Steam power versus horse power
When the Liverpool and Manchester Railway opened in 1830 it was the world’s first steam-powered inter-urban railway designed to transport both passengers and goods. It caused a sensation, being commemorated not only in the illustrated news but also on mugs, bowls, and medals.
On this side of the mug we can see the railway’s entrance. On the other side of the mug is a depiction of a train en route.
Virtual travel on the railways
Another commemorative object, this is a miniature moving panorama depicting two of the railway’s locomotives, Stephenson’s Rocket pulling a passenger train and Sans Pareil pulling a goods train. Optical toys like this were very popular in the 19th century. When a user operates the panorama, the print scrolls from right to left, creating the suggestion of movement through the depicted landscape.
Larger moving panoramas were also popular. They were like the modern experience of going to the cinema: audiences sat facing a screen upon which images would scroll past. But movies would not be invented until the 1890s. As this illustration shows, a cranking mechanism behind the print allowed operators to move the print along. The panorama was usually bordered by a proscenium arch (not pictured), much like you’d find around a theatre stage, which allowed operators to remain unseen from the audience.
Six musical horses
York’s Theatre Royal, which opened in 1744 and is one of the oldest theatres in the country, hosted a moving panorama show in 1831. Like the miniature panorama above, this show depicted the route of the newly-opened Liverpool and Manchester Railway. Those who could not ride the railway now had the chance to experience it another way. Accompanying the panorama were “Six Musical Horses”…
According to the playbill, the musical horses performed a “quadrille,” the name of a popular dance that had been introduced to England around 1808.
This print shows “the first quadrille” in England. Confusingly, there is also a dressage dance with the same name, which developed in France. This horse-riding version was named after the human dance. It is therefore unclear whether the Theatre Royal show featured real horses or people in horse costumes. But what do musical horses have to do with railways?
The decline of the stagecoach
Before the railway, horse-drawn carriages and stagecoaches, such as the one pictured here, were the only viable method of transport between Liverpool and Manchester besides the canal network. But both had their problems. Canal travel was slow, taking 12 hours. And although horse-drawn vehicles were quicker, the roads were congested, narrow, and very dangerous. Passengers were often injured and goods damaged.
The railway changed everything. People now had a quick and safe method of getting between the two cities. This particularly affected the cotton industry: Manchester had many cotton mills and Liverpool was England’s main port for raw cotton. Much of the cotton came from the US and had been picked by enslaved people.
The success of the railways threatened canal boats and, as pictured here, horse-drawn vehicles. This stagecoach has fallen derelict from lack of use, its unemployed horse loitering next to it.
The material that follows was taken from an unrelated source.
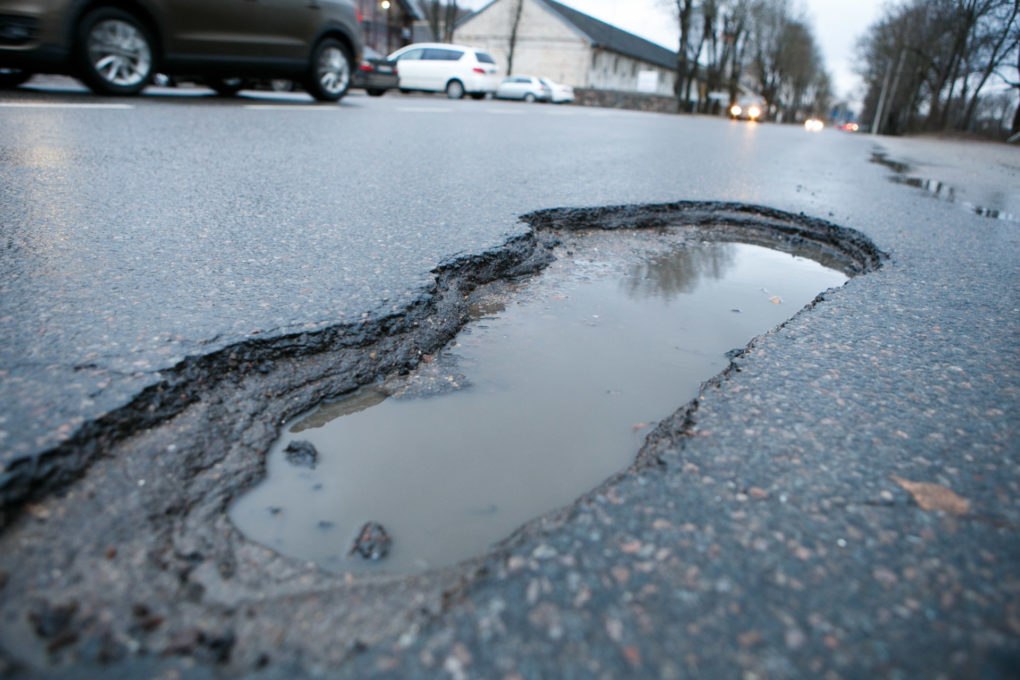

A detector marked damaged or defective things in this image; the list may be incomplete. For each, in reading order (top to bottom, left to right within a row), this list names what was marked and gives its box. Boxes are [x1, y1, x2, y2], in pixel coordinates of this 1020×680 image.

broken asphalt edge [0, 199, 885, 530]
water-filled pothole [229, 228, 844, 574]
pothole [233, 228, 852, 574]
In the background, by way of contrast, a steam train passes a new railway station.
Horses out of work
The Theatre Royal playbill introduced the dancing horses as one of the “Effects of the Rail Road on the Brute Creation [i.e. the animal kingdom]”. Here we see that phrase again, in a satirical print published a year after the Liverpool & Manchester Railway opened.
In the foreground, a group of agitated horses speak to each other, while in the background a steam locomotive passes by. One particularly vocal horse recounts the jobs that its “old friends” have taken up since the railway has put them out of work:
Old Tim’s Dragging a Coal Boat … Paddy’s working at a Coal Pit! Jack’s gone to live in a Gentleman’s Family! Tim’s listed for a Soldier! … Bill’s pulling a Fire Engine! Old Pat & Old Billy are gone a Fiddling up the Country!
The idea of the fiddling horse proved popular. This, another print depicting the “Effects of the Rail Road on the Brute Creation”, depicts a group of musical horses: one plays the fiddle and another the cello, while the third dances.
These street musicians have a bucket for donations with a sign that reads “Remember the poor old horses”. In the middle ground, two angry horses chase a policeman holding a sign pointing the way to the railway station. In the background, an aggrieved horse delivers a kick to a passing steam train. This popular print was widely reproduced: versions were printed on cloth for use as handkerchiefs, and a version in oils was painted by a folk artist in 1838.
Fear of the railway
The horses in this drawing also hate the locomotive in the background, but for a different reason. With the rise of steam, some farmers complained that the thunderous trains spooked livestock in nearby fields. The caption puns on the idea that steam makes things “go”—not only trains, as intended, but animals too. These anti-railway cartoons express the attitudes and fears people felt toward this ground-breaking new technology.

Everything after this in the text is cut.